The material below holds the lines to copy: from the one with "Danxen Niño Camiseta" up to and including the one with "Photo wallpaper ice, winter, waterfall". Copy them exactly and skip the pictures.
======== Source data
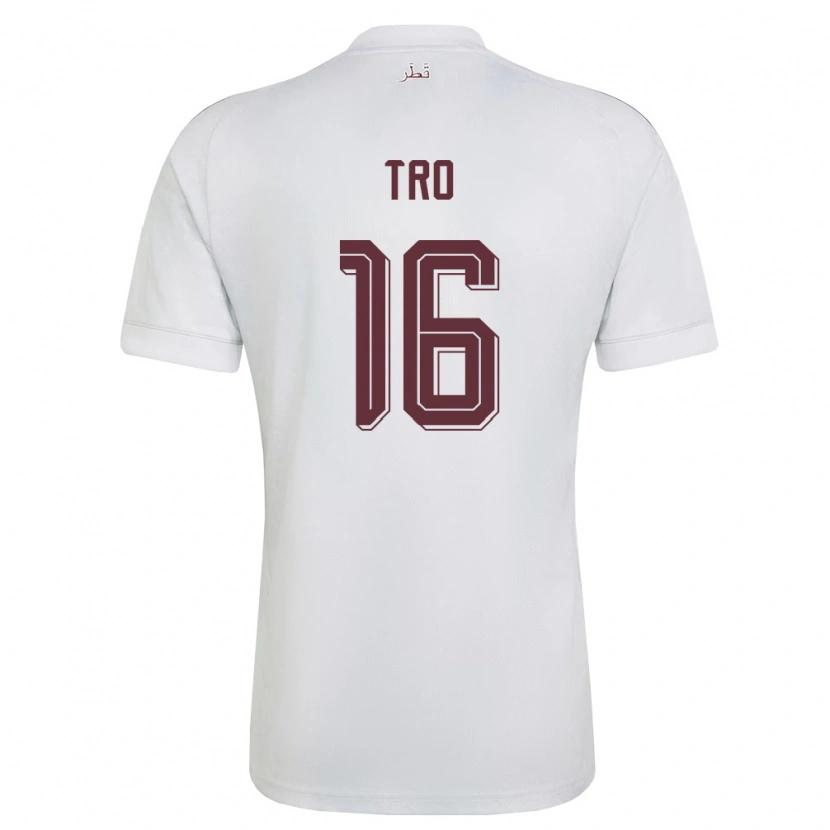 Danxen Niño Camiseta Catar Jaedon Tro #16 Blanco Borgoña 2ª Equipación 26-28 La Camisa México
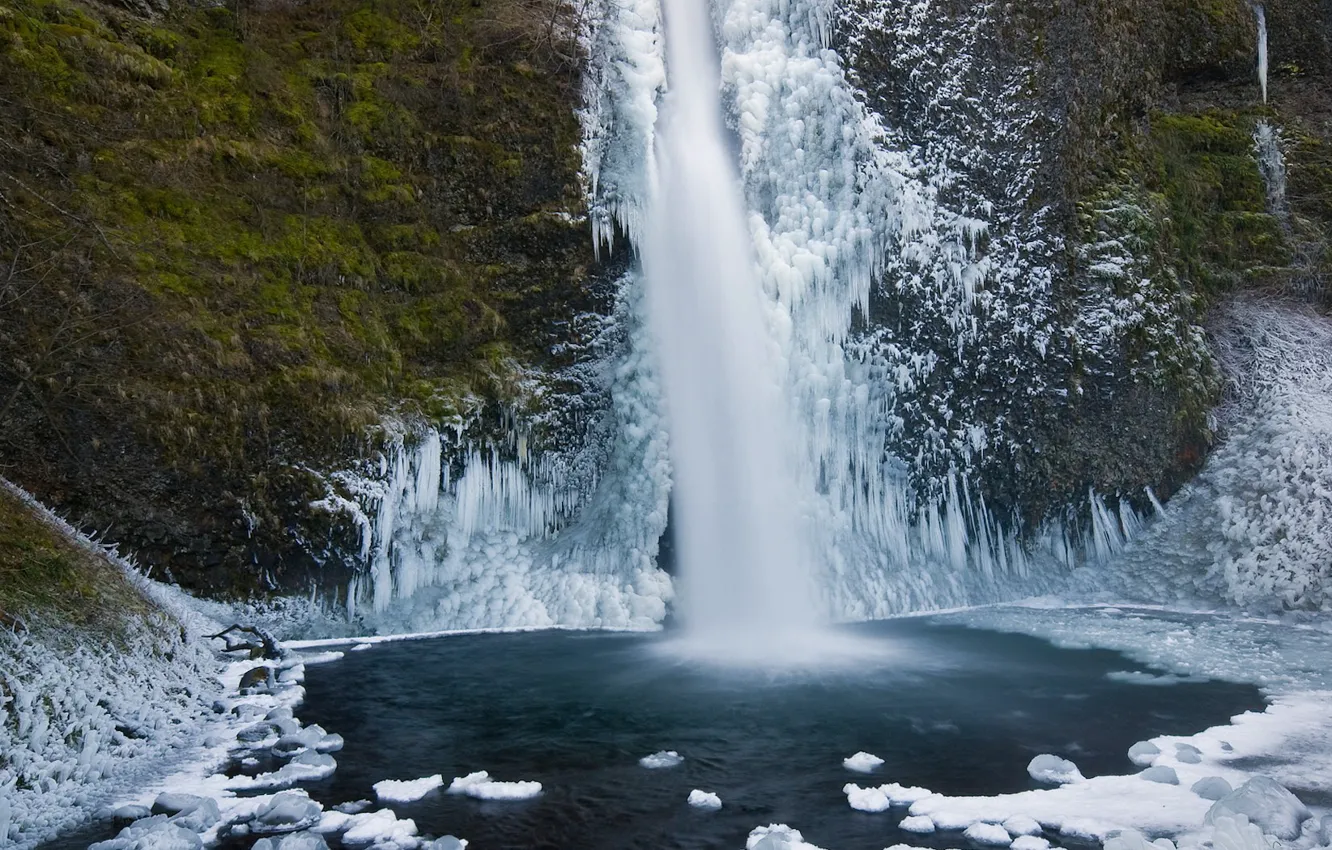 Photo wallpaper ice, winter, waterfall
================
======== Source data
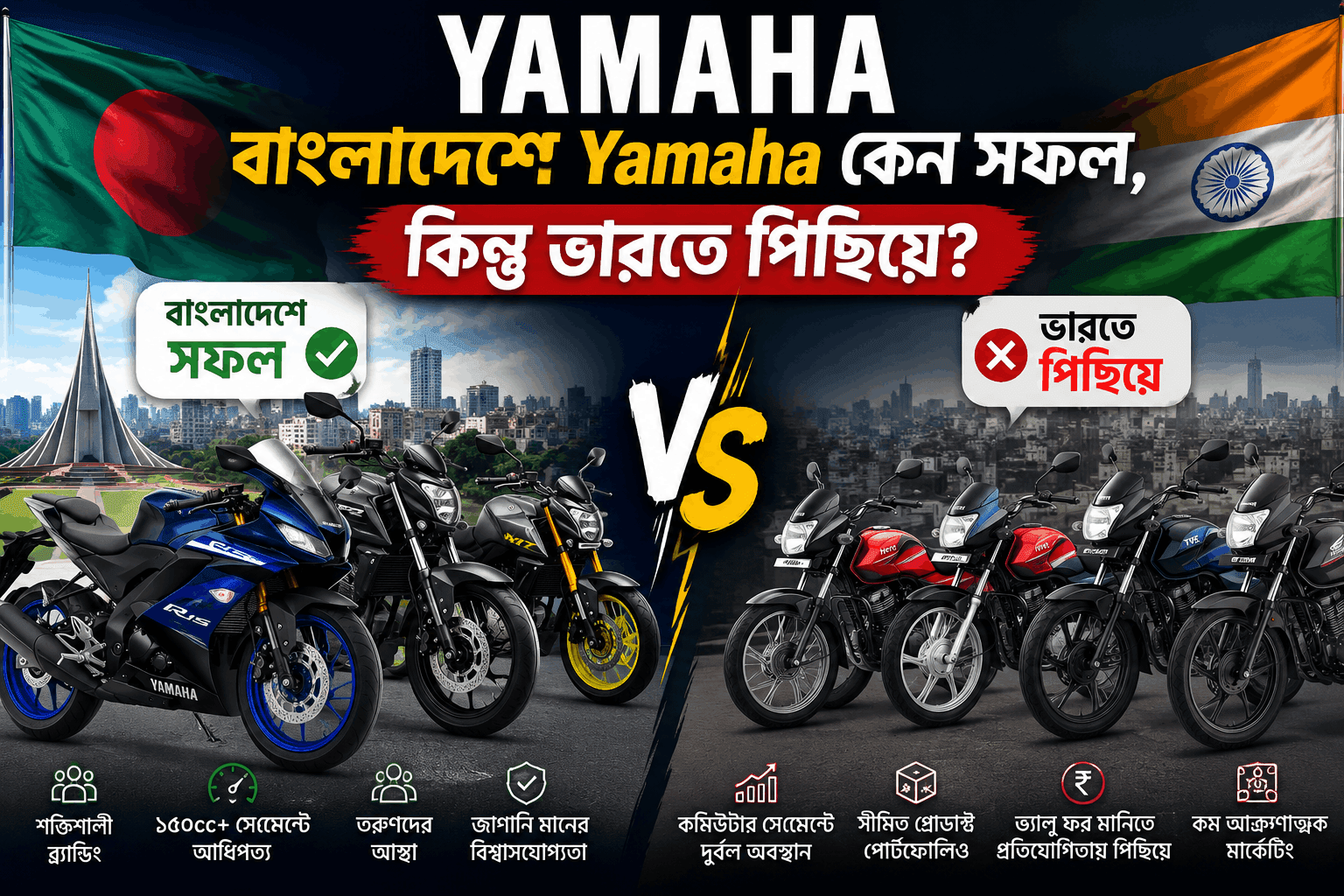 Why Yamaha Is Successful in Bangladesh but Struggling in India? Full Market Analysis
================
- [Answer space]
 Danxen Niño Camiseta Catar Jaedon Tro #16 Blanco Borgoña 2ª Equipación 26-28 La Camisa México
 Photo wallpaper ice, winter, waterfall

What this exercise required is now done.